* **Aim of the exercise**
All lines from the one with "Міський рюкзак Tiger Class Цифра зелена" through the close of the records below are to be set down exactly, and no others.

============

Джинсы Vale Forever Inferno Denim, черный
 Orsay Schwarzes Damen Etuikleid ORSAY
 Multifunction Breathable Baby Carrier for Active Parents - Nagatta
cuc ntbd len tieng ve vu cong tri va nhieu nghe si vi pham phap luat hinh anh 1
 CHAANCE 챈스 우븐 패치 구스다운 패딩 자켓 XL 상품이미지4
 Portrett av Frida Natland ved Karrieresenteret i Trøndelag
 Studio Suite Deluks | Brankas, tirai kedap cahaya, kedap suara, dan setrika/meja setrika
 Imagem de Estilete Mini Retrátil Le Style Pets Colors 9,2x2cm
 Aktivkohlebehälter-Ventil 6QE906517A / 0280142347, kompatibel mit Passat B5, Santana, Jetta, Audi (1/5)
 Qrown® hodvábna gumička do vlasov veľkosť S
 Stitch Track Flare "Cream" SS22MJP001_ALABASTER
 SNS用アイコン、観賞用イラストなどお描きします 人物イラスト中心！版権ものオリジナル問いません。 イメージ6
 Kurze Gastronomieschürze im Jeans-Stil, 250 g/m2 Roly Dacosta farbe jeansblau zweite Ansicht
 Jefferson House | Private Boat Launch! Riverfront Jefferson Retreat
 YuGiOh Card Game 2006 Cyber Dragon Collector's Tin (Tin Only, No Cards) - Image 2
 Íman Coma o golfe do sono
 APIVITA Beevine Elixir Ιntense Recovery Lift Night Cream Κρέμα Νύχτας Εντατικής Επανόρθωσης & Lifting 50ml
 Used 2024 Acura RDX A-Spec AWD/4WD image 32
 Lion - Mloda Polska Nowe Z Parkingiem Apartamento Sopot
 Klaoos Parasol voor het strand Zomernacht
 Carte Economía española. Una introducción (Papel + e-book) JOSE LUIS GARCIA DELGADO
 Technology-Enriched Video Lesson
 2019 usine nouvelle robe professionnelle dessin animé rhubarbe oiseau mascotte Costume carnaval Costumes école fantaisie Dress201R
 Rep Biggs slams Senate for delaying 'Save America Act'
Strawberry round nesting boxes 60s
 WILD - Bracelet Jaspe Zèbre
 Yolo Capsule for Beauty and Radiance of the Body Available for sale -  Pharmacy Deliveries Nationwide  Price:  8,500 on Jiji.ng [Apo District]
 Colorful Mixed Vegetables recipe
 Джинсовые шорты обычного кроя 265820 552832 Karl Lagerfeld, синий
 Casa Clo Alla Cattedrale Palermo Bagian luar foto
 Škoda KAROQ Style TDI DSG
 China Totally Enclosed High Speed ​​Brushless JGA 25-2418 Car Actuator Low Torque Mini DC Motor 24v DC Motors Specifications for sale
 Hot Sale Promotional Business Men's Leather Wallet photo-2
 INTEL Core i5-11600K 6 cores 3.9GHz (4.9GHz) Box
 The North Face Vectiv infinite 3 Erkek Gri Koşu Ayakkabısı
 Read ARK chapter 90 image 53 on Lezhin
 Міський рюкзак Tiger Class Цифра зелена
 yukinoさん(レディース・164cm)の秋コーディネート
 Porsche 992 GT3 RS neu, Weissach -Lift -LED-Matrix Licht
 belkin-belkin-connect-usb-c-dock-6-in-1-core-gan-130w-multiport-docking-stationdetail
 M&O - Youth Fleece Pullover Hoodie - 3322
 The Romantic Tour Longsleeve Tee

============

* **Written response**
 Міський рюкзак Tiger Class Цифра зелена
 yukinoさん(レディース・164cm)の秋コーディネート
 Porsche 992 GT3 RS neu, Weissach -Lift -LED-Matrix Licht
 belkin-belkin-connect-usb-c-dock-6-in-1-core-gan-130w-multiport-docking-stationdetail
 M&O - Youth Fleece Pullover Hoodie - 3322
 The Romantic Tour Longsleeve Tee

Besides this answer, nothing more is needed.